A bad customer service experience can induce a passenger to another airline, even if it means more money. Chris Elliott reports that United Airlines is making an effort to improve its image…but it takes a great deal of time to change a corporate culture at all levels. Of course, this is the same airline that disconnected its complaint department phone. The economy, of late, isn’t helping. Airlines are slashing everything they can. British Airways is asking employees to take a furlough or work free for one to four weeks. One wonders how motivated those employees will be to provide good customer service in light of that.
But in an incredibly aggressive market, these things pay off. In a twist, airlines are jumping on the Twitter bandwagon, using this tool to push information. JetBlue and Southwest are well known for their personal Twitter touch. United is working on adding theirs. Alaska tweets its Wi-fi enabled flights every day. American and other airlines are there, but not quite at the volume of these carriers. We know JetBlue and Southwest specifically do try to answer questions about the airline online.

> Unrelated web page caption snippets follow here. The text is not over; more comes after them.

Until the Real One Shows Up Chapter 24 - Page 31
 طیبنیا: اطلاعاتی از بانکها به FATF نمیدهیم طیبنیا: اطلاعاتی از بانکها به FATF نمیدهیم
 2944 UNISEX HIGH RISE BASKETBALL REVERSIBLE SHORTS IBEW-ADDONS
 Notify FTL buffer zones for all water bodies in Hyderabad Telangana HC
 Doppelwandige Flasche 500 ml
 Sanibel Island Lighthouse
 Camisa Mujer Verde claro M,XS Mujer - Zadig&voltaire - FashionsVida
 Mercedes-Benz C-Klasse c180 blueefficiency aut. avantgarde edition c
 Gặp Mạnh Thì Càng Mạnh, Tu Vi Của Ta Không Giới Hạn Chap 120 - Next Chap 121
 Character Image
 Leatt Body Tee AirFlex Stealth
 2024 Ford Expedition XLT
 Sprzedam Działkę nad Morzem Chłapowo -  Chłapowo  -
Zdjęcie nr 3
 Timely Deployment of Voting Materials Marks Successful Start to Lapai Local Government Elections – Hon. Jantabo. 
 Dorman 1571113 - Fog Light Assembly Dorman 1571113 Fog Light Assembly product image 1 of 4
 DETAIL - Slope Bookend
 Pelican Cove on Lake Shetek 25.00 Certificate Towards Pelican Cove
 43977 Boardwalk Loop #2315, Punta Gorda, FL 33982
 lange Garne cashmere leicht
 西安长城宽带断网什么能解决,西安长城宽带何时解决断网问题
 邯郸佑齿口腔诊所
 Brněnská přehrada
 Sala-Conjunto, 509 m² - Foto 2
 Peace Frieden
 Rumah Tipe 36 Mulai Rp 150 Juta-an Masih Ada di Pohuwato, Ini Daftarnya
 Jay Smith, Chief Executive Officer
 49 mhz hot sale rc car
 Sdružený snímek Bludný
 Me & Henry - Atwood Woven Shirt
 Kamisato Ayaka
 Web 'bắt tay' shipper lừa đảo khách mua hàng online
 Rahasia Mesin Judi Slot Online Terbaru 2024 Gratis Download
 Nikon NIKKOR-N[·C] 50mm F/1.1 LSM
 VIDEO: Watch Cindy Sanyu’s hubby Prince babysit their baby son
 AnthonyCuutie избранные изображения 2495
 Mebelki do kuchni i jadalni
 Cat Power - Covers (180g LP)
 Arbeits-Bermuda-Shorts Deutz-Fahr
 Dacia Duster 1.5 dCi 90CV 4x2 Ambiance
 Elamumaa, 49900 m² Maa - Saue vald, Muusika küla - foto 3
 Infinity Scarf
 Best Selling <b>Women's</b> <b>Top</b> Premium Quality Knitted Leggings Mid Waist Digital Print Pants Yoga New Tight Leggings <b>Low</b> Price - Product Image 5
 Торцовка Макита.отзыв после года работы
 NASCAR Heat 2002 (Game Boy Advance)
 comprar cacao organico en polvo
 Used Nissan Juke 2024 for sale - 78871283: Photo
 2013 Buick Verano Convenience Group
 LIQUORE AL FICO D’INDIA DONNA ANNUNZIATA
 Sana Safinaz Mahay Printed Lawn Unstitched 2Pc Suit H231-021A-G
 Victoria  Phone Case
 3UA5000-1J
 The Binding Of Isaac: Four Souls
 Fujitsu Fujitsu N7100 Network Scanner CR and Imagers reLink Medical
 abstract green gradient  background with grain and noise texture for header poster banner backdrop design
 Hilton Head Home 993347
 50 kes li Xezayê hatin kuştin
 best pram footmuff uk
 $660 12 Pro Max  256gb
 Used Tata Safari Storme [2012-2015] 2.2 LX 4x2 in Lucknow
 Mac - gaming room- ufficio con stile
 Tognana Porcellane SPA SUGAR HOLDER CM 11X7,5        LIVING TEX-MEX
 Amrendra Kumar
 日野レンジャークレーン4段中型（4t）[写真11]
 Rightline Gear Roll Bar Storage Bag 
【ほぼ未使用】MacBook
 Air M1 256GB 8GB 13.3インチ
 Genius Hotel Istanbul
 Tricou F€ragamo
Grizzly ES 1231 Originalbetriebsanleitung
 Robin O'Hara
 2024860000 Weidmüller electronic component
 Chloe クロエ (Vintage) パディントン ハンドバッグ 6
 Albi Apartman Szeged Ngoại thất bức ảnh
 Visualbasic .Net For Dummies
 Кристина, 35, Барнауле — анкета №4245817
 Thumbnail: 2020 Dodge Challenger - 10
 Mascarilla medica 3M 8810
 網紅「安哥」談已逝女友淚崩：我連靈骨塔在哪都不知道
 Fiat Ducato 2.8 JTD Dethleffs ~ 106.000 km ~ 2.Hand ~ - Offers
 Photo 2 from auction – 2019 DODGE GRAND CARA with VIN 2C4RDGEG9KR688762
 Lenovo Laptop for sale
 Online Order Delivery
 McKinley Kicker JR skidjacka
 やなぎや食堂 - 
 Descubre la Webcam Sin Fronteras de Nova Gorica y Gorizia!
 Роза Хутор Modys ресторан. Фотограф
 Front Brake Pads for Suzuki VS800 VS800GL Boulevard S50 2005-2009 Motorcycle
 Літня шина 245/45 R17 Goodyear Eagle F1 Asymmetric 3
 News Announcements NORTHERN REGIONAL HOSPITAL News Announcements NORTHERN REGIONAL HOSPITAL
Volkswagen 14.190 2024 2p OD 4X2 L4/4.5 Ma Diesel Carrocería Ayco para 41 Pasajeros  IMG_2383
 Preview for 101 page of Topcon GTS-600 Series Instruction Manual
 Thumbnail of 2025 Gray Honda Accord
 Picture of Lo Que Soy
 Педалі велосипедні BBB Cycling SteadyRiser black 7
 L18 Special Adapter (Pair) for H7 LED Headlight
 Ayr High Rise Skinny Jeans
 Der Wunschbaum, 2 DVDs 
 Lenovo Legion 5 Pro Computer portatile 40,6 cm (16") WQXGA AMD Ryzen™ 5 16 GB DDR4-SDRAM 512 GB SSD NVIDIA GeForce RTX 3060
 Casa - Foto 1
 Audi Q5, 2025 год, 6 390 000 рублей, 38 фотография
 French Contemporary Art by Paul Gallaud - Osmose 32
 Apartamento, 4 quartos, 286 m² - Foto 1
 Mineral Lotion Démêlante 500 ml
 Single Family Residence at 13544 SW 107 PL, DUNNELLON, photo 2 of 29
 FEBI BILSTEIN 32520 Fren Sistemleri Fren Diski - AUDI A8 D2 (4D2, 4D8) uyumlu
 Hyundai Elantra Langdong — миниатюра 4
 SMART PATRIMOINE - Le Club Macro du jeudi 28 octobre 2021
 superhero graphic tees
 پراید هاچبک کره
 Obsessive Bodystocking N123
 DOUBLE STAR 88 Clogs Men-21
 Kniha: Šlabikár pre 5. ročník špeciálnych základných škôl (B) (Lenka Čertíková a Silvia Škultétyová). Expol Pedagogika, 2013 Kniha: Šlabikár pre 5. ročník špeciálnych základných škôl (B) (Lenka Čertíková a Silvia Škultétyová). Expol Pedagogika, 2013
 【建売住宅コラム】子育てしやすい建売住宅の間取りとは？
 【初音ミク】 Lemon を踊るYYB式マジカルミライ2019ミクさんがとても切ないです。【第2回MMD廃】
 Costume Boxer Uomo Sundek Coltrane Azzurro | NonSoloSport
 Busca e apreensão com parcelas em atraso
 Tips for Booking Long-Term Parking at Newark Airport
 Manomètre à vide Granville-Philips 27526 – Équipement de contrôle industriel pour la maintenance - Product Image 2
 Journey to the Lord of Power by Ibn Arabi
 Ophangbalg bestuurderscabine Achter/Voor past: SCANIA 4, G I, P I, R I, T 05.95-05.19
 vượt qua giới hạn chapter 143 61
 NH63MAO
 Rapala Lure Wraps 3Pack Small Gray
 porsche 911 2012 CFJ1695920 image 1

Airines work better when they cease to appear to be faceless corporations and work to be perceived as caring and responsible members of a larger community. A little caring…of the appearance of caring…goes a long way. They say you catch more flies with honey than with vinegar. Airlines should be looking for those little touches to encourage people to love them. For example:
- Flight Delayed? Bring out some bags of pretzels/peanuts and some beverages from the in-flight services for your passengers.
- Be Proactive. Some airlines will be on top of things before the passenger even knows about them. An airline calling you the day of the flight and telling you that your flight has been canceled, but they’ve already rebooked you on another carrier at their expense, for example, is proactive.
- Email. Perhaps you can’t have a live person doing everything. But you can use automation in good customer service. If a plane is delayed, send an email apologizing for the situation and explaining why it was so late. Offer some concession for the future, even a free change on a future itinerary.